I love many things: I love cinema and concerts and theater and recorded music and museums and photography and architecture and dance and worship and ideas and lectures and sports and even more.
But most of all, I love books. I am happy that I know how to read. I am happy to have contact with people and ideas that I would otherwise never encounter because of great gaps in time or space. I enjoy “arguing” with Aristotle and having him be my teacher.
But books are suffering from a long slump. The signs are all around us: publishers are laying off employees, sales are down, bookstores are closing . . . you can add to the list yourself. (On the bright side, providers such as the Internet Archive, Google Books, Amazon Kindle, etc are making a wide variety of older books available, although in many cases, they are doing so with some indifference to quality, as my friend Paul Duguid has amply demonstrated in a spectacular essay.)

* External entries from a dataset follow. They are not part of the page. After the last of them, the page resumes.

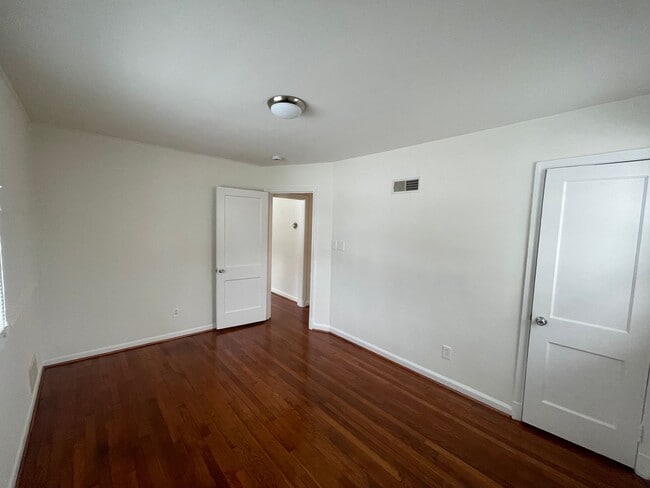 Building Photo - A 2 Bedroom Plus Den 1 Bath Brick Home Just Off Connecticut Ave. in Silver Spring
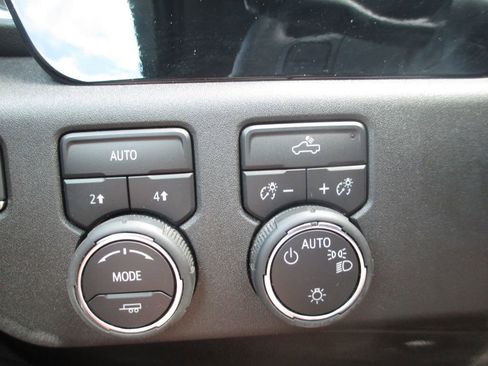 Used 2025 Chevrolet Silverado 1500 LT w/ LPO, Dark Essentials Package AWD/4WD image 27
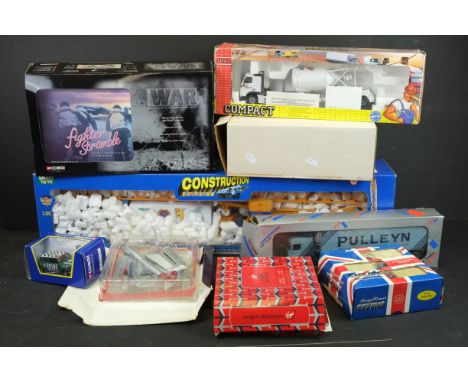 Nine boxed diecast models to include Smart Toys Construction, Joal Compact, Corgi, Virgin Air, DAF, etc 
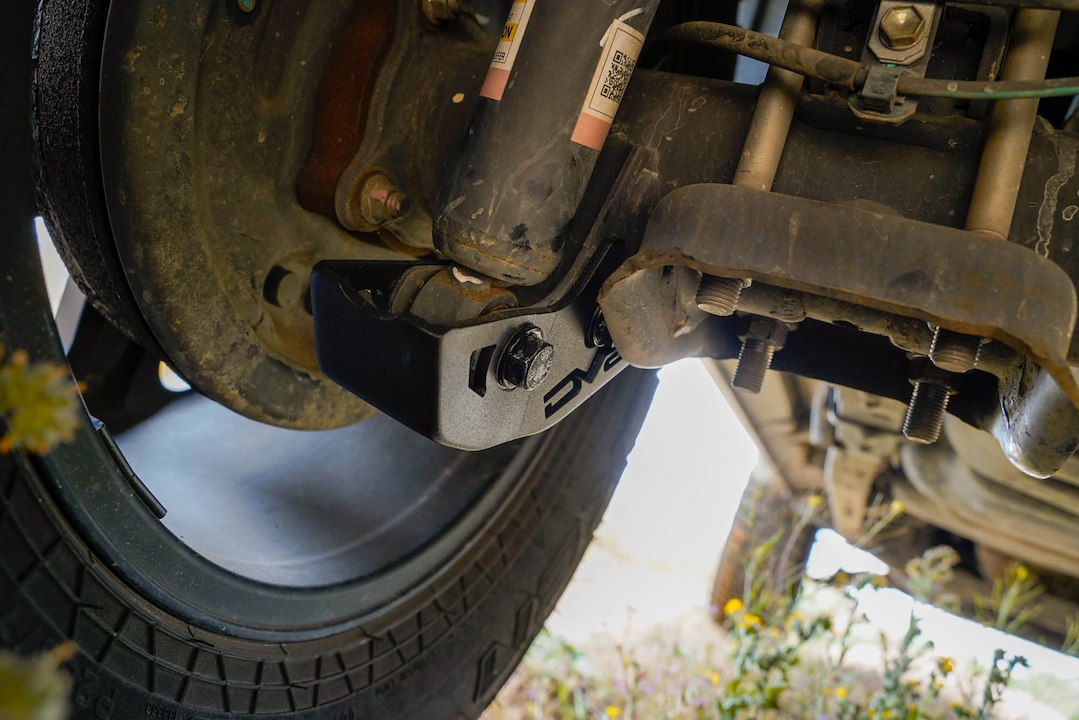 Dv8 Offroad Sptt1-02 Skid Plate||3rd-Gen-Toyota-Tacoma-Rear-Shock-Skid-Plates-Installed-09.Jpg||95||dv8sptt102||1629055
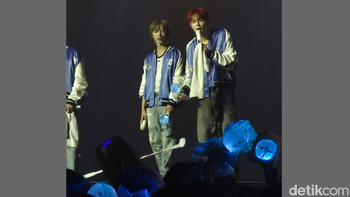 Dengan pencahayaan panggung low-light sekali pun, semua teratasi berbekal kamera HP. Samsung Galaxy S24 FE lebih dari siap jadi teman konser.  Foto: Chairini Putong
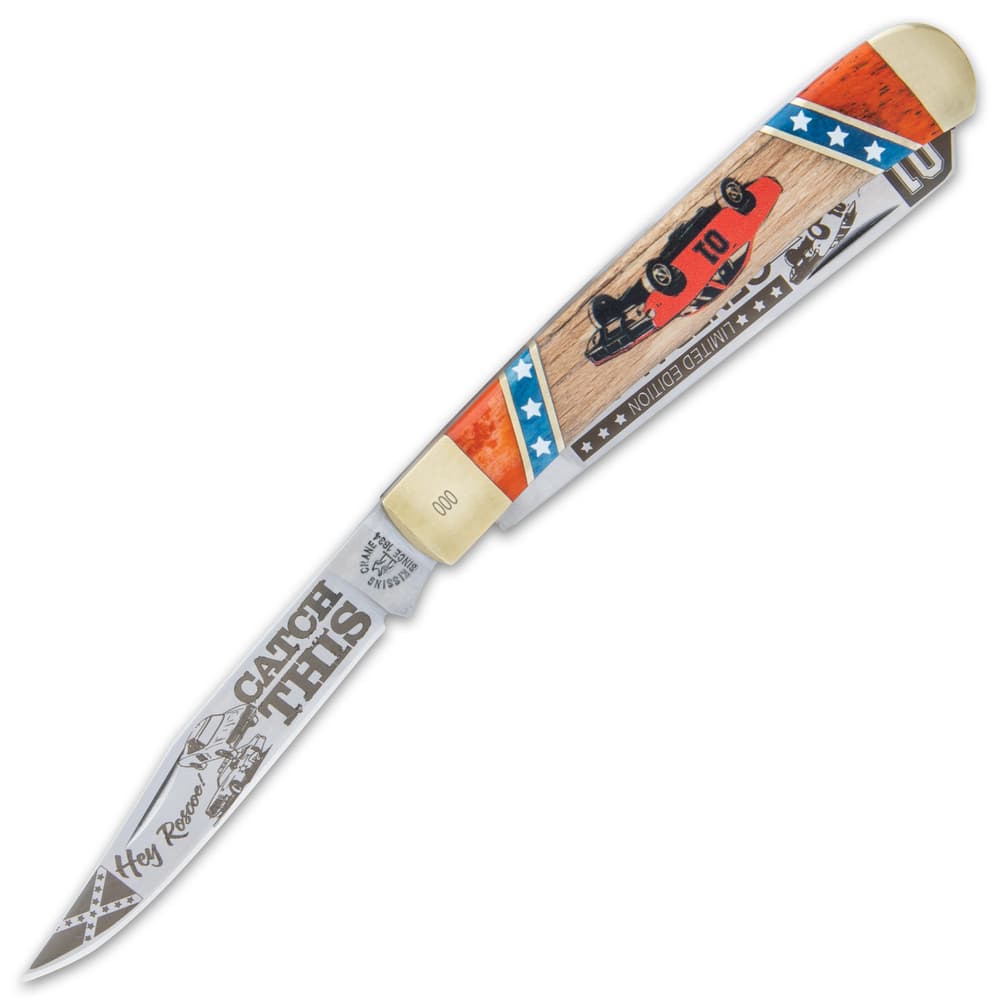 The trapper has two sharp 440 stainless steel blades, which feature The General Lee themed etchings and our limited edition stamp image number 2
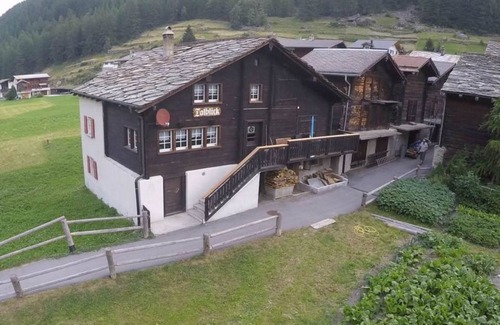 Saas-Balen Apartment | Apartment ∙ 3 bedrooms ∙ 6 guests
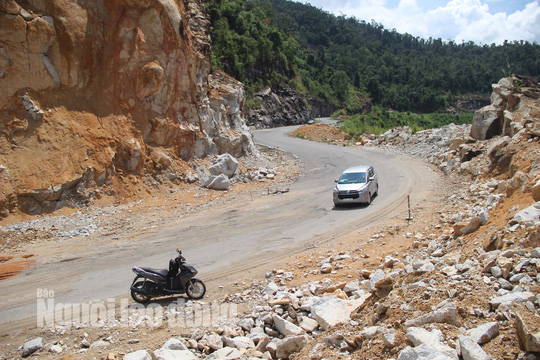 Hãi hùng đèo Khánh Lê nối Nha Trang – Đà Lạt - Ảnh 4.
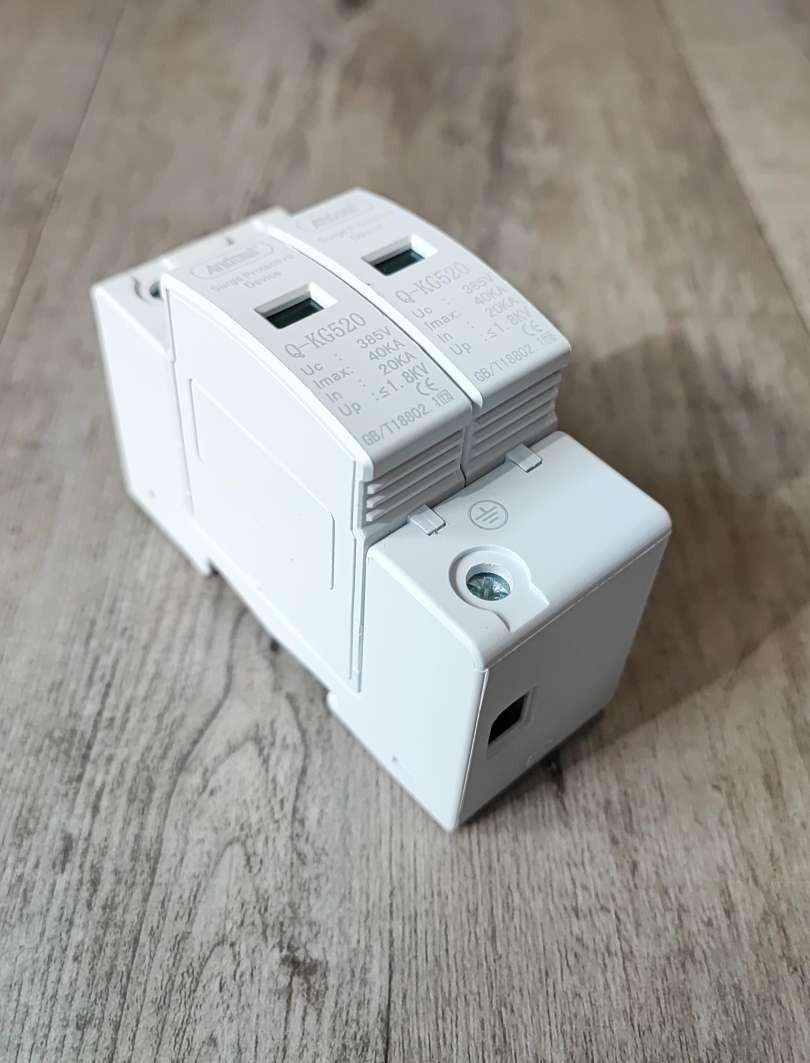 SPD surge protector 40KA 2 POLE [ Model : Q-KG520 ] DIN Rail 1.8KV Surge Protector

Here is one marker: newspapers are writing less about books. Motoko Rich reports that the Washington Post has just announced it is ending the publishing of its standalone “Book World” section, following in the footsteps of other major newspapers, such as the Los Angeles Times. It appears that the only major American newspapers that are still publishing separate book sections are the New York Times and the San Francisco Chronicle. The granddaddies of book review tabloids, the Times Literary Supplement and the New York Review of Books, are not really comparable to what they were even a decade ago – certainly even more so from the time when they featured essays from the likes of T. S. Eliot and Virigina Woolf. And TLS and NYRB are really aimed at a very narrow audience – quite different from the hypothetical “late-thirties-something woman, a lawyer or educator or businesswoman” who was “busy with work, and also with family matters” “but that doesn't mean that she isn't interested in . . . the Book Review. She has a lively mind, she's curious. She wants to know about the public debates that are taking place. It's simply that these public debates are not her primary concern and so you have to pull her in.”
It is a sad day that the great populist medium, newspapers, are passing on their responsibility to critically discuss instances of such a fundamental atom of cultural transmission as individual books.

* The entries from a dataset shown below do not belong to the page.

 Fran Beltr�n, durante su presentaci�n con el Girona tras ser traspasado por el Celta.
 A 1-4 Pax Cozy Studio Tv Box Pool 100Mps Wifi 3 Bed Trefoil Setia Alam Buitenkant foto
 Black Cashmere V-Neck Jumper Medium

This only motivates me more to write about books. Perhaps this blog, like most, will ultimately only have a few dozen readers (which is, to be sure, most likely several times what it has at the moment). But if someone is one day encouraged to read one book on the basis of accidentally coming across this blog through a Web search or a random link – then it will have been worth the effort.
In the meanwhile, I have even less reason to read the Washington Post now – because in the end, what really matters is not the daily blur of news from government and industry, but the long lasting ideas of significance that fill our inner core. And that is far more likely to appear in a book.